Market Developments December 2022

With negative monthly returns for almost all asset classes, the 2022 investment year ended in a minor way. Equities quoted lower across the board and so did most bonds. Indeed, interest rates ran briskly again. The Fed met for the last time for the year and raised the policy rate by 50bp. That was factored in by market participants, the accompanying message from the Fed, however, was not: more rate hikes are coming as long as inflation does not move steadily toward 2%. The ECB also raised interest rates by 50 bp (now at 2%), delivering a message along similar lines. The dollar lost ground on balance, ending the month at 1.07 (-3%).

Shares

The MSCI All Countries World Index fell 7.3% (measured in euros) in December. As in November, emerging markets (-4.9%) again outperformed developed markets (-7.6%).
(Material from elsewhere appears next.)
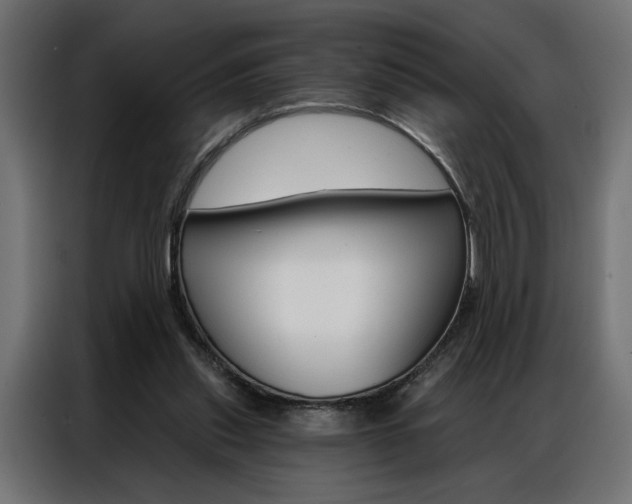 X0000086950253200704161103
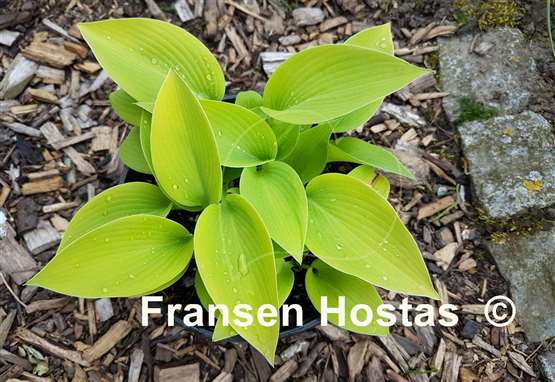 Hosta Early Times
Within developed markets, North America was weak (-9.2%) compared to Europe (-3.5%) and Japan (-3.3%). Within emerging markets, there was not much difference between regions, but there was at the country level. For example, Argentina posted strong gains (+8.6%) and Peru lower (-11.5%). It was (again) a month where ‘growth’ lost out to ‘value’; we saw that confirmed partly at the sector level, where IT was the worst performing sector with a negative return of -11.0%.

Bonds

Central banks’ messages did not miss their impact: German 10-year interest rates rose sharply by 0.64% to 2.57%. US 10-year rates rose less sharply (by +0.27% to 3.88%). Nevertheless, the risk premium for less risky corporate bonds was lower for the month of December (-0.12% to 1.67%), as was the case for emerging market government bonds (-0.15% to 4.53%). For more risky corporate bonds, however, the premium was higher (+0.07% to 5.15%).